The world’s first green energy, clean, emission-free boat, dubbed the ‘Solar Impulse of the seas’ ushers in a new wave of ocean travel. The solar-powered plane, Solar Impulse 2, circumnavigated the world in July 2016, and this reportedly could be its ocean-equivalent. The futuristic catamaran, Energy Observer, sets sail on a six-year mission to promote sustainable energy sources, and the groundbreaking project will be reportedly presented in Paris at the UNESCO headquarters.
The self-sufficient boat is set to embark on its maiden voyage in May 2017 with Explorer, Victorien Erussard and offshore racer, Jérôme Delafosse, who will cruise the boat.
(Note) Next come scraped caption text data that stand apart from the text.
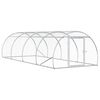 vidaXL Kyllingehus S&oslash;lv 400 x 150 x 100 cm Galvaniseret st&aring;l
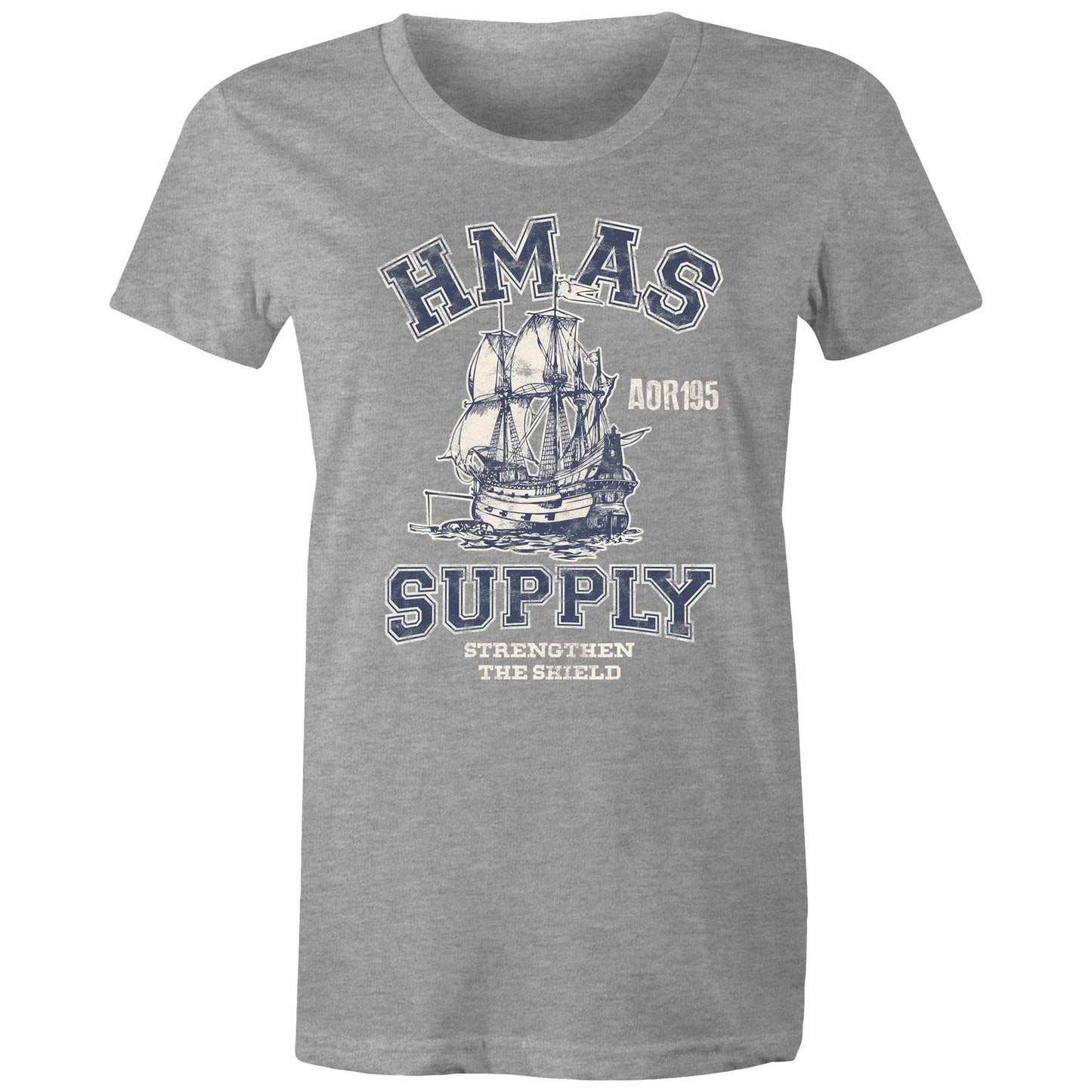 HMAS Supply AOR195 Women's T-shirt (style Alpha, blue)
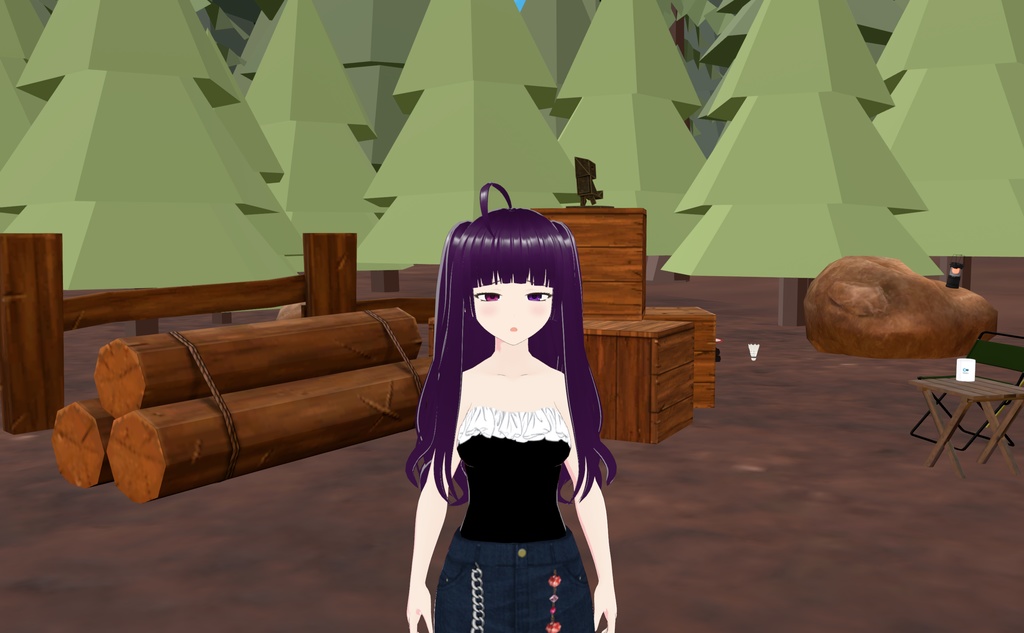 紫焔空(VRoidアバター)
Delafosse said that they would produce hydrogen onboard from the ocean. He added that they would clean and purify the water, electrolyse it, and compress it in tank storage.
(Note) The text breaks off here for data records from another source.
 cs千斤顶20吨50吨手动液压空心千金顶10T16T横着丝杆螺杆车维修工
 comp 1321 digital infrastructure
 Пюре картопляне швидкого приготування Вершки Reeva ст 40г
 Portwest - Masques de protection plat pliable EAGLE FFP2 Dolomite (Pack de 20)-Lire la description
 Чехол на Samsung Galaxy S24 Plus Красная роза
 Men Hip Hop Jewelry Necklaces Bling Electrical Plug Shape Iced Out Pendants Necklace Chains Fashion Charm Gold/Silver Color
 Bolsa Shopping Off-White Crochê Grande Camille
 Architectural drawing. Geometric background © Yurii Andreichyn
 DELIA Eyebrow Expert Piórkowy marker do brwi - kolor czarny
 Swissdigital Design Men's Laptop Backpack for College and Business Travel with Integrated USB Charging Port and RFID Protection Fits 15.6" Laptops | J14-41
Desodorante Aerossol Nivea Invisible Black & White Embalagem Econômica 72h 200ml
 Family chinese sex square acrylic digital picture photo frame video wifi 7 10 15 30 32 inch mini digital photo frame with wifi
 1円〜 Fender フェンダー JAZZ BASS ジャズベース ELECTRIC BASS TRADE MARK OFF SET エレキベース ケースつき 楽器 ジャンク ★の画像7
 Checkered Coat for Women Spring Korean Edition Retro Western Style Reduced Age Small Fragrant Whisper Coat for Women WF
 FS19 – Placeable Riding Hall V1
Features of the Green Energy Boat:
The Energy Observer, a former racing vessel, is converted into the futuristic green vessel. The green vessel will be equipped with 130 square metres of solar panelling. It will be featured with two vertical axis wind turbines, a traction kite, and two reversible electric motors. The boat will run emission-free on solar and wind power during the day. So, how would the self-sufficient boat be refuelled on a less sunny or windy day? The vessel is fitted with electrolysis equipment which aims to reduce the hydrogen from sea-water and then stored in tanks. This stored hydrogen would be used to power the boat’s fuel cells on a less sunny or windy day and at night. The Energy Observer is three times lighter than MS Tûranor PlanetSolar, the last solar-powered boat, and weighs 30 tonnes. Delafosse expects the Observer to cruise at eight to ten knots, though in theory, it has a potential top speed of 42 knots.
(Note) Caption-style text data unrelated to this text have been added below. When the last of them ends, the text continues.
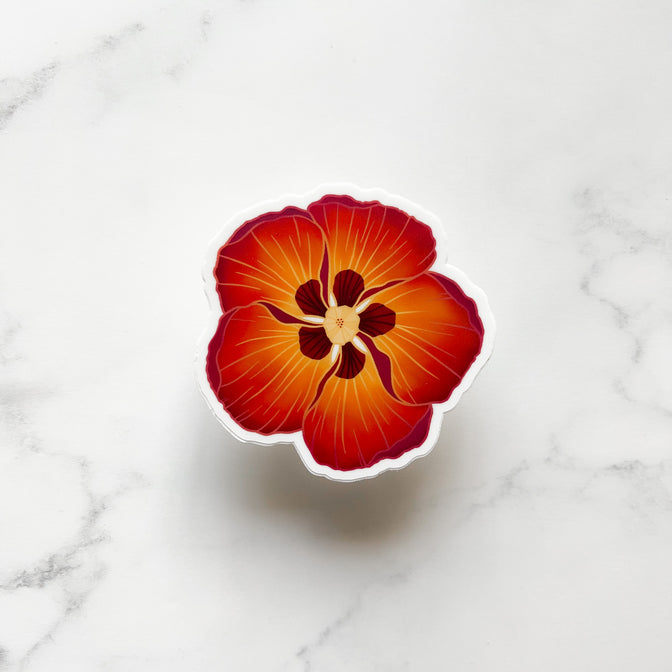 KAKOU COLLECTIVE HAU VINYL STICKER - 'ULA'ULA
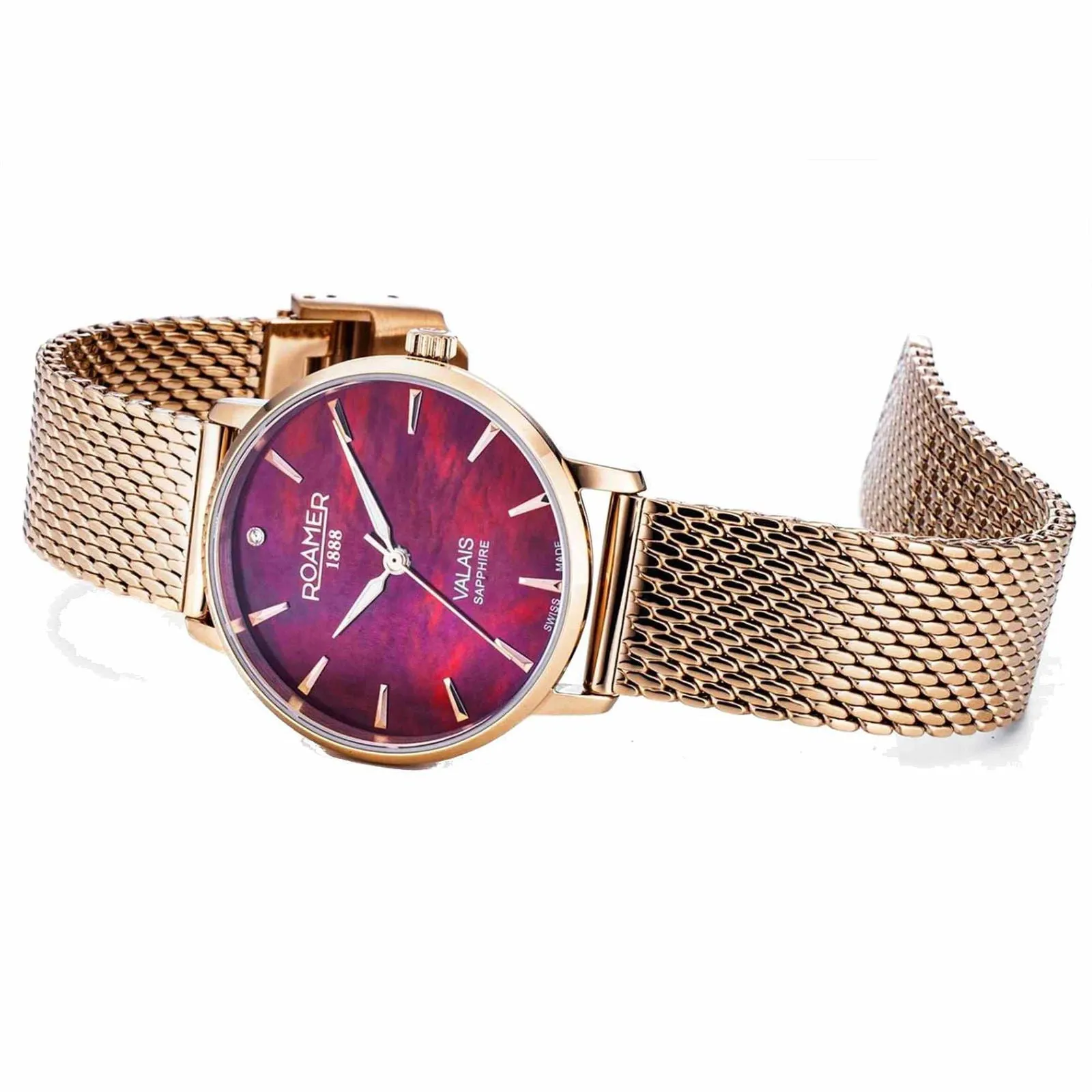 Roamer 989847 46 60 05 Women's Valais Diamond Set Watch sold by H.S. Johnson product image thumbnail 4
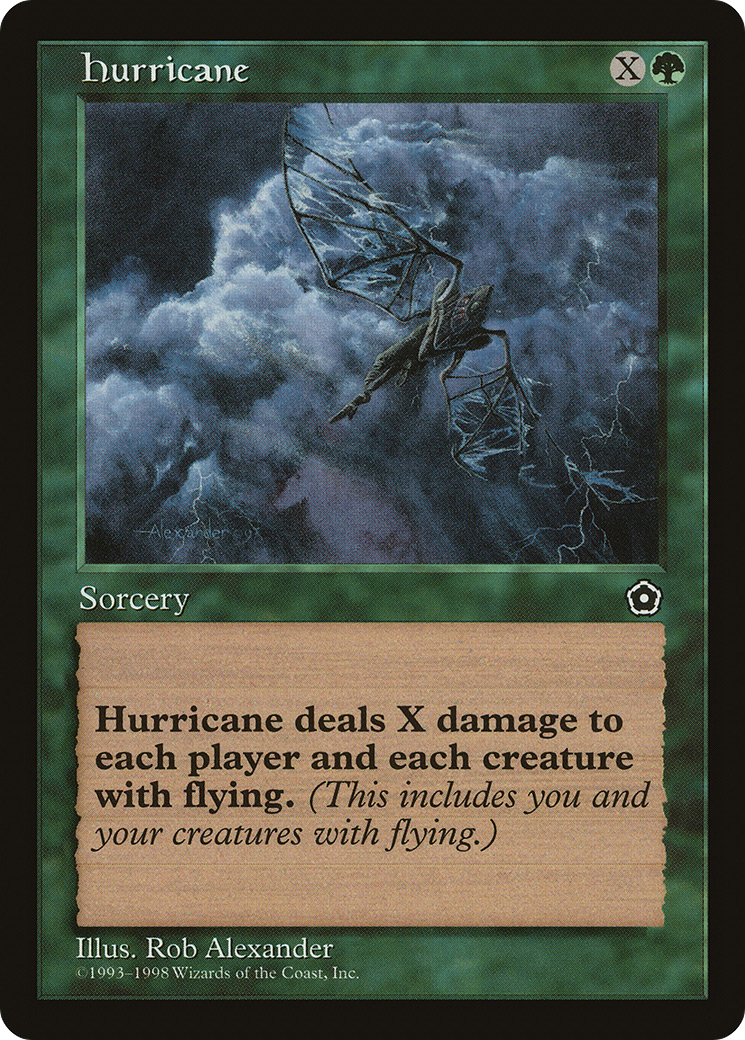 Hurricane (P02-129) - Portal Second Age - Premium MTG Single from Wizards of the Coast - Just $0.20! Shop now at Game Crave Tournament Store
Delafosse and Erussard partnered with French research centre CEA-LITEN to develop the ground-breaking technology. Delafosse said that energy was over-produced when there was a lot of wind and sun, and the idea was to not waste the energy but keep it on board. He also added that hydrogen was light and the efficiency of hydrogen was three times more than regular fuel.
The Energy Observer would commence its six-year voyage in spring, stopping at 50 countries, and around 101 ports. The 4.2 million euro vessel is currently anchored at a shipyard in St. Marlo, France before it takes off on its iconic voyage.